After trial, the trial court entered an order dividing real community property, including the

parties’ 50 percent interest in the Yakima home. The trial court gave Garcia-Leija 60 percent and

Leija 40 percent of all real community property. The trial court ordered Garcia-Leija to pay Leija

for his 40 percent of the community’s total 50 percent interest in the Yakima property. The trial

court did not first deduct any amount owed on the mortgage from the total value of Garcia-Leija

and Leija’s 50 percent share.

3 No. 57487-0-II

In subsequent hearings, the parties argued about whether the value of their 50 percent share

in the Yakima property should be reduced by half the amount of the unpaid mortgage on the home,

which at the time was approximately $157,300. Garcia-Leija again claimed that she paid for part

of the mortgage and signed paperwork assuming responsibility for it. However, Garcia-Leija

provided no documentation to the court showing that she was liable on the mortgage. The mortgage

payment documents she provided only listed her brother’s name.

Leija’s counsel argued that no portion of the mortgage should be deducted from the

community share of the Yakima home. If the property were to be sold, the mortgage would be

treated as solely the brother’s separate debt to secure his half in the interest in the home. Leija’s

counsel argued, “[Garcia-Leija’s] interest is the full half of the appraised value because she herself

has no debt associated with her half.” VRP at 1471.

The trial court noted that a person’s name can be on a property without also being on a

mortgage for that property. Ultimately, it concluded that there should be “no reimbursement for

the mortgage. The mortgage, it belongs to [Garcia-Leija’s brother]. When this house is sold,

[Garcia-Leija will] get her 50 percent and his will be minus the mortgage.” VRP at 1475.

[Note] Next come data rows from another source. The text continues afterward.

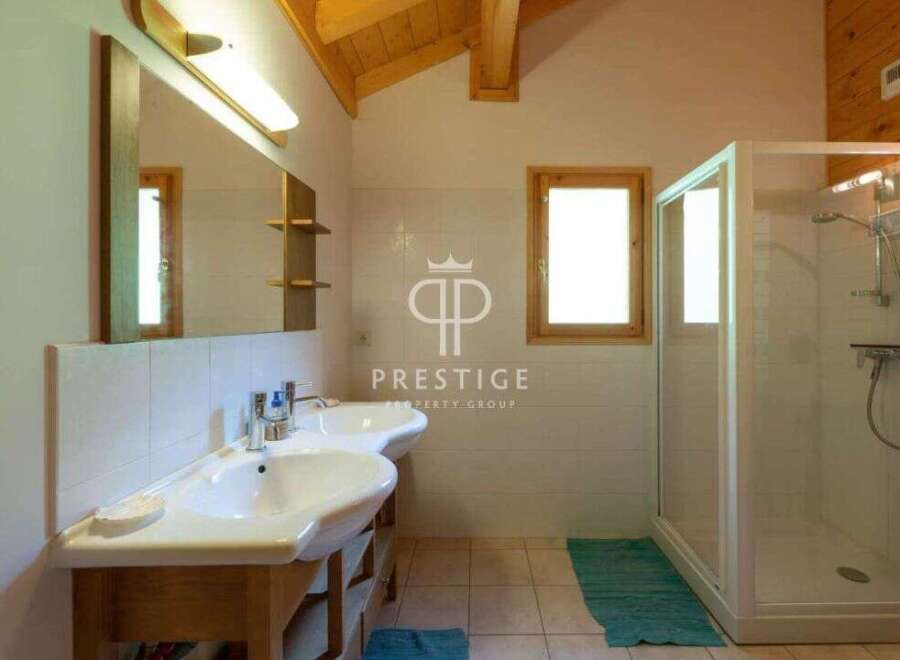 Discover a luxurious bathroom with a modern design.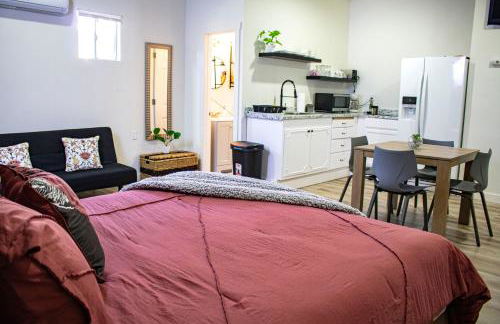 Comfy Studio in Sandy Utah Pvt Entry WFH B - Foto 15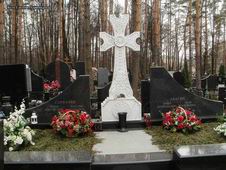 (увеличить фото) г. Москва,  Троекуровское кладбище (уч. № 13а), Семейное захоронение Абагян-Сарвазян (общий вид надгробия, апрель 2012 года)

After years of hearings, the trial court adopted an appraisal of the Yakima property at

$585,000. The trial court did not deduct the amount owed on the mortgage before calculating the

value of the community’s 50 percent interest. As a community, Leija and Garcia-Leija owned half,

or $292,500, of the total value. The trial court thus required Garcia-Leija to pay Leija his 40 percent

share of their 50 percent interest, which amounted to $117,000.

4 No. 57487-0-II

ANALYSIS

I. LEGAL BACKGROUND AND STANDARDS OF REVIEW

In Washington, when two or more people buy real property together, they are assumed to

be tenants-in-common unless specified otherwise. RCW 64.28.020(1). Each cotenant holds an

undivided interest in the whole property and has the right to possess and enjoy the whole property.